アナザー・ワールド 〜オリジナルスキルで異世界とダンジョンを満喫します〜

Blackliszt

246 カノンコード

「花嫁が花婿と、そして勇敢に竜の試練に立ち向かった英雄たちの活躍により我らの元に帰ってきた──さあ!パレードを始めよう!」

 なんという順応力。悪には屈しない。これこそがロイヤルブランドの威厳か。

「この子がウィルとアイナの息子ね・・・かわいい、うーんけどもういかないと。ソフィア、後にまた内々の披露宴など大事な会があります。今のうちにしっかりとお休みなさい」
「はい、お母様」

 疲労が心地いい。神の所業スローライフと題して、睡眠という行為を生物に課したことだけは評価してもいいかな。睡魔に勝てずに微睡の更なる深みに沈む背徳感ときたら堪んないよね。もう多少の悪夢じゃ僕は動じないんだからさ、暗闇だって怖くない。

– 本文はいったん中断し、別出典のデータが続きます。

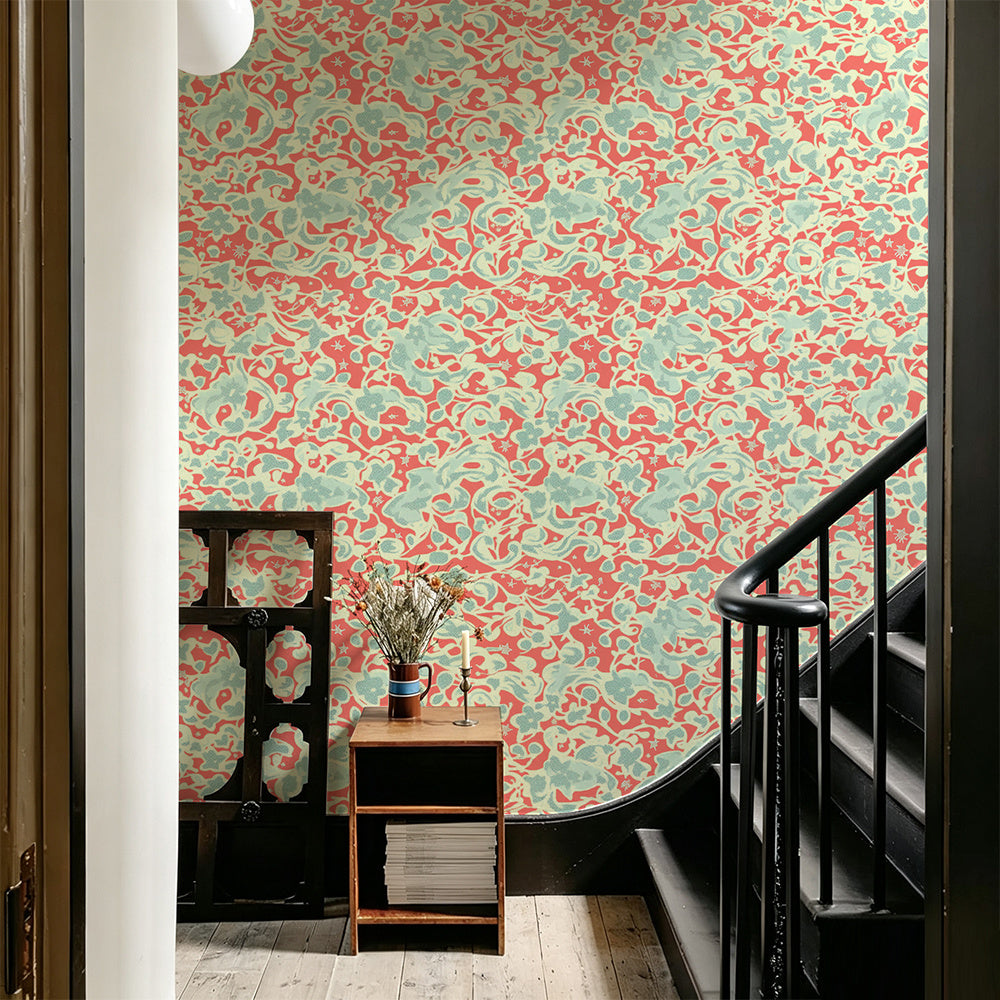 Papier peint adhésif en PVC à motif fleuri allure vintage pour la cuisine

「この年で冒険者だって聞きましたけど、綺麗な肌・・・それにいい香り」

 ・・・くすぐったい。誰だよ、人生のアップデートによって復活した僕の餅のような頬を押したり撫でたりしてるヤツは。

「あ、目をお覚ましになられましたわウィリアム様!」

 レム? ノンレム? ノン-モチモチ?・・・そう考えると、大人になるのもちょっと考えものだな・・・はぁ。わかった、わかりました。起きます、起きますよ・・・?

「うわっ!」
「あら・・・消えた?」
「反射的に瞬間移動しちゃったか・・・恥ずかしかったのかな?」

 公爵城より上空1,200mにて。目の前に、あんなに近く女の人の顔が・・・思わず瞬間移動しちゃった・・・ここは城の上空か、数メートル移動したつもりがこれである。くしゃみして漏らしちゃう子供かよって、まあ体は子供なんだけど、おねしょするような齢でもないんだな。

「ん? ウィリアム様・・・?」

 そういえば、微睡の中で父さんの名前が呼ばれていたような。つまりあの場所に父さんもいた?なら、同じ感覚で跳び直せば戻れるはず──。

「だからウィリアム様はよしてくれって、な?」
「いいえウィリアム様は我が国の国民たちを魔の巣窟から救い出した英雄様なんですから、どうかよしなに取り計らわせて」
「この状況なに!? 父さん!」
「ください・・・あっ、戻ってらした」
「リアム、こちら第一王女のソフィア様だ。さっきの演劇中に暴走したエネルギーが魔力リンクを逆流して襲われたのでな、俺がお前の側にいたから護衛も兼ねて好都合だとご一緒に療養なされてたんだ。あっ。兼任だからって、やきもちは妬くなよ?」
「妬くなよ〜?・・・フフ、ごめんなさい。つい、フフ・・・そうだ! そういえばリアムさんは件の渦中、お城に巣食っていた悪を退治なされたのでしょ?その齢で流石ですね。それに比べて私は・・・やっぱりちょっと妬いちゃいそうです」
「えっ・・・あ、はいそうです。そうでしたっ!・・・そうでした?・・・ッ!父さん、今!」
「まだ大丈夫だ。俺たちの出番まであと1時間ある。だからそろそろ起こそうと思ってたところ、ソフィア様にお手伝いいただいたんだ」

 さっきの感覚が残っているうちに戻ってみれば、そこにいたのは父さんと、美しくも可愛らしいちょっとお茶目なソフィア様。・・・うん、まあよかったんだけどさ、良かったんだけどね?

「さあこちらへ、リアムさん」
「あの、いったいこれはまたどういう」
「寝癖が・・・この髪型も非常に可愛らしいですけど、民衆の前で披露されるには些かカジュアルすぎるかもしれません。ですから私に御髪を整えさせていただけたらと」
「げへッ!?」

 驚きすぎて変な声出た。家族以外の女性に、それも一国の王女様に髪を整えてもらうとか、ファ!? だよね。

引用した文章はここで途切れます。